For they were making time. The club itself, thanks to the failure of the express company to deliver Charley's new "Columbia" when promised, had several hours' start on the road; and Starrett, like the obliging brother that he was, had remained behind in order that Charlotte need not ride alone nor the club be longer delayed by waiting for her.

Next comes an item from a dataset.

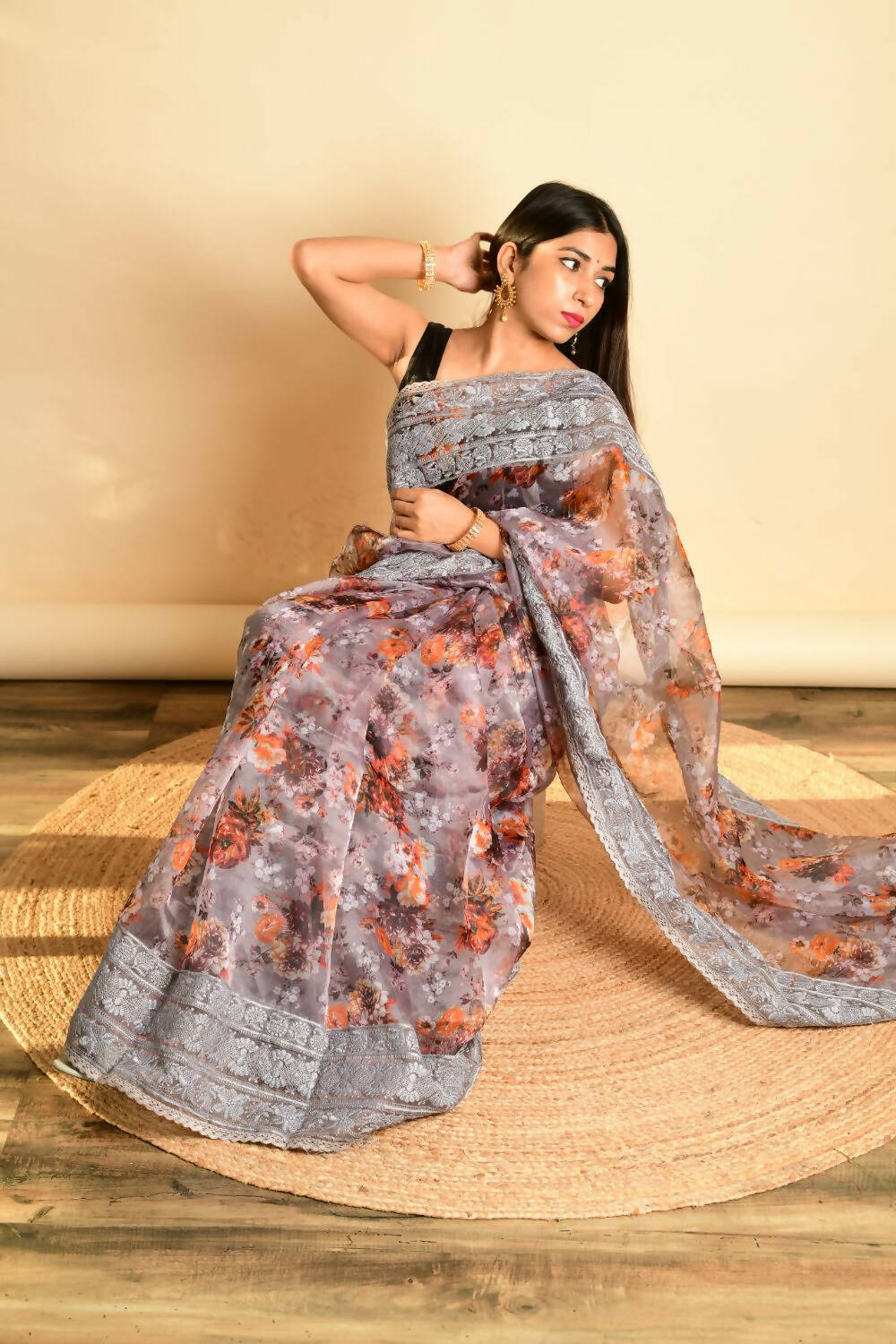 Vamsee Grey Organza Saree - Distacart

Charley Van Rensselaer, her cousin Cornelia, or "Corny" Hadwin, and their warm friends Mattie Hyde and Arno Cummings, were four bright and active young girls of from thirteen to sixteen, who composed the Girls' Tricycle Club. Little by little they had won first the interest and then the consent of their somewhat conservative parents to this novel but exhilarating exercise, and having now become expert riders, they were off for a long run of eighty miles down Cape Cod from Sherridoc City to Curtin Harbor, where their parents had summer cottages. Faithful and clever Joe Marston, Mr. Van Rensselaer's colored servant, and an expert tricycler, had gone ahead with the club as guide and commissary-general, and Starrett Van Rensselaer, Charley's younger brother, was invited to accompany them as an escort, on the odd-looking "Royal Mail" he had borrowed for the trip,—bicycles not being allowed.

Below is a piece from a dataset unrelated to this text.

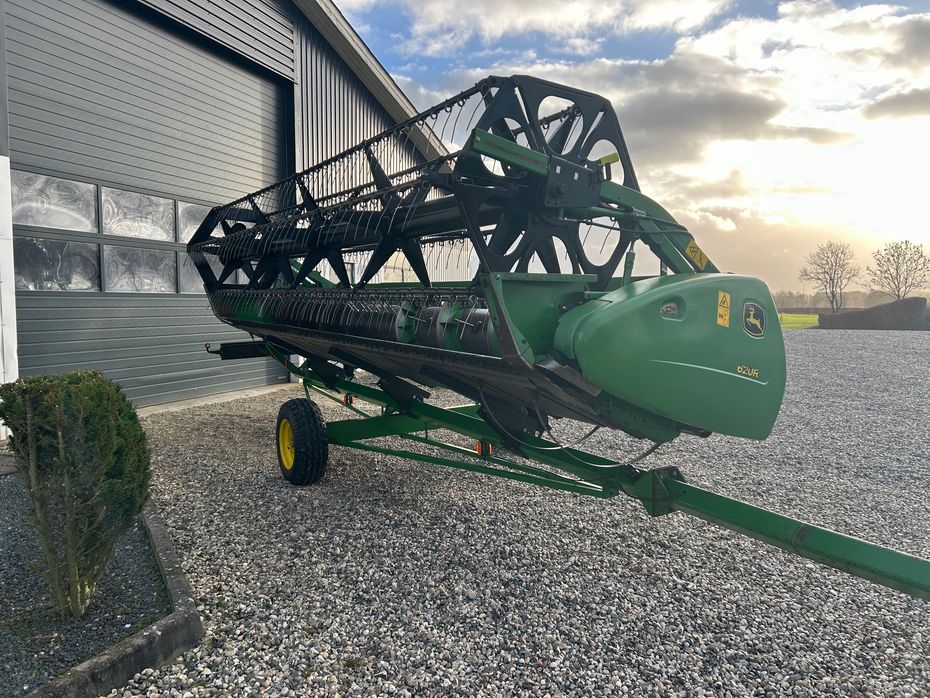John Deere 9560 WTS - Høstmaskiner - Mejetærskere - 22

And now the door-yards broaden out and the houses become still more rambling. There are wide-spreading orchard boughs, and cool woody spaces here and there between the farms. Now a youngster scampers into the house shrieking, "Ma, Ma! Oh, come here, Ma! Here's a girl a-ridin' three wheels at once!" and Charley, looking back, perceives the urchin's sisters and cousins and aunts peering at her from the door. Starrett too looks back, and laughs.

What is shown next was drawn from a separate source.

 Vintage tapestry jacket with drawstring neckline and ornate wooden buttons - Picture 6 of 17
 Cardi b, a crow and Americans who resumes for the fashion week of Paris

"You'll have to get used to that," he says.

"I expect to," responds Charley serenely; "but you must remember that four of these things have gone on before us on this same road and they must have taken off a little of the novelty."

Over the brow of Haymarket Hill they go, and the long steep sweep into the valley of the Owassee lies before them. Charley, with her feet on the "rest," commences to descend. An amazed cow grazing by the roadside makes a charge on the singular vehicle, but the girl never flinches, and with one hand on the steering-bar and the other on the brake she avoids every stone, every rut, every gully in the road. The irate cow, after nearly plunging on its nose down the first steep incline, pauses to recover its senses and then returns slowly up the hill. Starrett waves it a laughing adieu. "Sensible bovine that," he says; "she knows that a stern chase is a long chase."

"My, though!" exclaims delighted Charley, "we're just flying, Starrett! Aren't we?"

They are indeed. The bushes whiz past,—the wind sweeps their faces,—trees, stones, fences flit by like phantoms. Charley feels like a bird on the wing. Such exhilaration is there in a good tricycle "coast" downhill!

But it is not all such pleasure; for, a few miles farther on, they become acquainted with the other side of the story, as they go toiling up the long ascent of Comstock Hill, a sandy and winding incline that leads to the highlands of Fisherville.

"If it weren't for the sand," said Charley as she pushes her tricycle before her, "I would test the new 'power-gear' on my 'Columbia' by riding up Comstock Hill. But, dear me, I believe there are not three yards of solid earth on this road!"